Muerte, no te enorgullezcas. Para quienes no conocían o, conociéndolo, no lo querían, el que Luis haya muerto como consecuencia de una caída en una calle de Oviedo, puede convertirse en una anécdota que enmascare el empeño de una vida que discurrió por caminos de la sobriedad, la seriedad y el ejercicio honesto de la inteligencia.
Martínez Noval tenía, exactamente, mi edad. Ambos nacimos en julio de 1948. Nuestros caminos se cruzaron varias veces, en momentos que la casualidad convirtió en intrascendentes, pero que podían haber sido fundamentales, al menos, para mí.
Fuimos ambos penenes en la Facultad de Económicas de Oviedo, cuando era apenas un proyecto, allá por 1976-77. El se encargaba, como profesor asociado, de Teoría Económica. Yo, era ¡encargado de cátedra! de Producción. Eran tiempos, cómo no, convulsos para la Universidad y para la sociedad española. Prometedores, que es tanto como decir, estupendos.
Teníamos muchas reuniones en aquel claustro de urgencia, para definir un futuro cabal para todos aquellos esforzados profesores que apechugábamos con enseñar economía a alumnos que, en su mayoría, casi tenían nuestra edad. Aprendíamos al tiempo. Porque todos disfrutábamos queriendo saber más.
Luis era sensato; batallador, pero coherente. Serio: un serio con sentido del humor.
Luis trabajaba en la Cámara de Comercio y, como otros colegas inolvidables de aquella época gloriosa, hacía estudios pora SADEI, magníficas herramientos de trabajo para conocer bien la realidad empresarial y social de Asturias.
Cuando tuve que elegir entre la Universidad o la empresa, me quedé con la segunda, lo que nunca llegué a lamentar. Me fui a Alemania y allí estuve cinco años intensos, convirtiéndome -así lo creía, al menos- en especialista en temas del Mercado Común.
Por circunstancias que conté en otra ocasión, yo deseaba volver a España. En junio de 1984, Luis me pidió -por intermedio de otros amigos comunes, así era de discreto- un informe urgente sobre la situación siderúrgica en Europa -“para una reunión con Marín”-, que me apresuré a mandarle, encantado de que, después de tanto exilio, en Asturias alguien se acordara de mí.
Pocos días después, recibí la llamada de un desconocido.

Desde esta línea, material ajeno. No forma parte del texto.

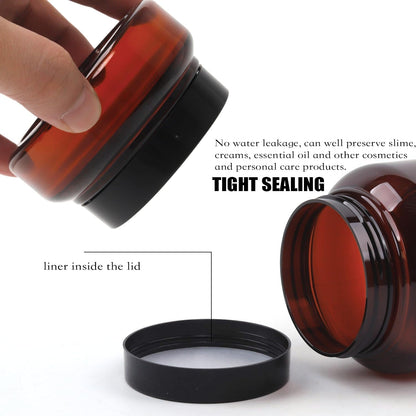 Amber Plastic Jars with Lids, 12 Pack Brown Body Scrub Jars Empty Refillable Containers Round Low Profile Samples Jars for Lotion, Body Butter, Sugar Scrub, Cream (7 OZ)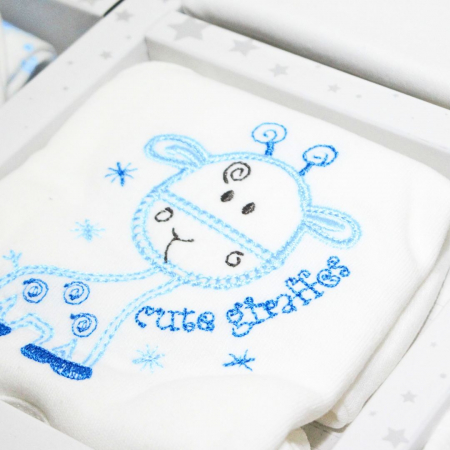 Set maternitate bumbac antialergic, nou-nascut, Giraffe, Blue- 10 piese,BebePrice [4]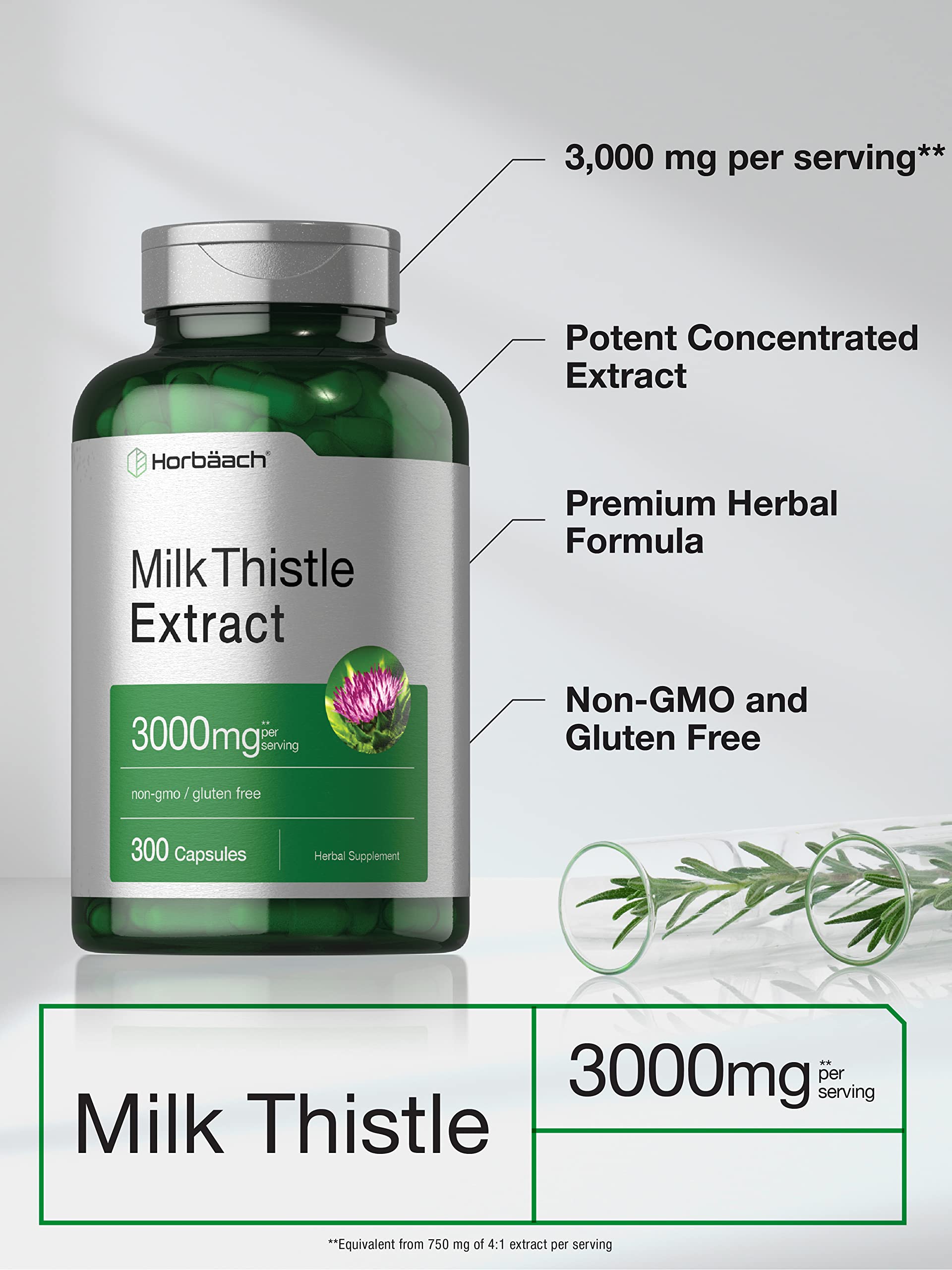 Horbäach Milk Thistle Supplement 1000mg side view of bottle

Era Pedro de Silva, presidente entonces de la autonomía del Principado de Asturias, que me proponía hacerme cargo de la Consejería de Industria y Comercio, que venía ocupando Jesús Valdés. Acepté sin darle vueltas, convirtiéndome en el Consejero aúlico más breve de la historia de las Autonomías, porque nunca llegué a ocupar ese puesto, al haber sido objeto de una necia conspiración abortista.
Como las crónicas reflejan, el ministrín sería otro buen amigo, Julio Gavito, compañero en la ingeniería de minas, mucho mejor dotado que yo para soportar zancadillas.

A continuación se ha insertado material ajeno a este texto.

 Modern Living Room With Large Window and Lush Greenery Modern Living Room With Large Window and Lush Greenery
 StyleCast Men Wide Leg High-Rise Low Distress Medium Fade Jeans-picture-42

Luis pertenecía a un grupo de profesionales asturianos que no será fácil que vuelvan a producirse ni ellos a juntarse, porque las circunstancias que se dieron han desaparecido. De aquella época, algunos ya han caído, acompañados de ese olor de santidad que se concede fácilmente a los que se van primero, pero que se les suele negar mientras vivían, encubriéndolo de tufos y humaredas. Otros, están/estamos dispersos y distantes, aunque no se nos pueda calificar, sin más, de distanciados.

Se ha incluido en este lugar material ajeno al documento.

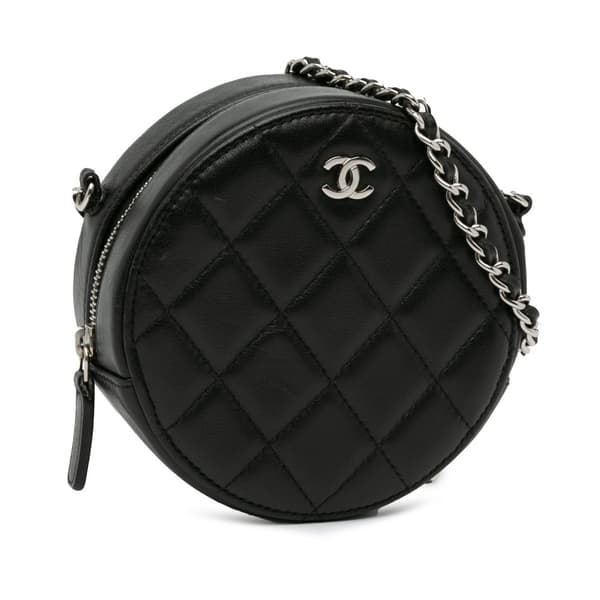 Pre-owned Chanel CC Quilted Lambskin Round Clutch with Chain Black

De las generaciones más nuevas, se sabe poco, salvo que se les ha persuadido de vivir en un país en crisis. ¡Novedad bajo el sol!
Me imagino, al leer algunas necrológicas que le dedican los que quizá conocieron a Luis más y mejor que yo, que estaba dispuesto para hacer muchas más cosas de las que hizo. Era una de las cabezas más visibles del grupo de los fabianos, defensor de la actividad socioeconómica impulsada desde el sector público, un principio activo al que los asturianos sabemos bien que no se puede renunciar sin que se nos caigan los palos del sombrajo.
Estoy seguro, con todo, de algunas de las tareas que Luis llevaba preparadas para el futuro. Disfrutar más de su familia, gozar de la charla con los amigos. Paladear el mérito de una tesis doctoral tardía, pero que será útil para muchos. Enseñar, seguir enseñando, desde la experiencia de quien ha tenido una larga trayectoria política -ministro, diputado, vocal del Tribunal de Cuentas, portavoz parlamentario- e incluso empresarial -últimamente, era miembro del consejo asesor de Hidrocantábrico – a los que no saben e incluso, con paciencia, a los que no quieren saber.
Murió por una caída fortuita. De otros muchos empujones, estos figurados, había conseguido sobrevivir.
Descansa en tu paz, Luis. Allí te habrás encontrado con otro compañero de talante muy similar, Emilio Murcia, al que tampoco podré olvidar. Y, si hay más allá, habrás empezado a relacionarte con los que saben para, con discreción, tratar de mejorar la situación. Que todo es perfeccionable, si se atiende a descubrir las fortalezas de cada uno.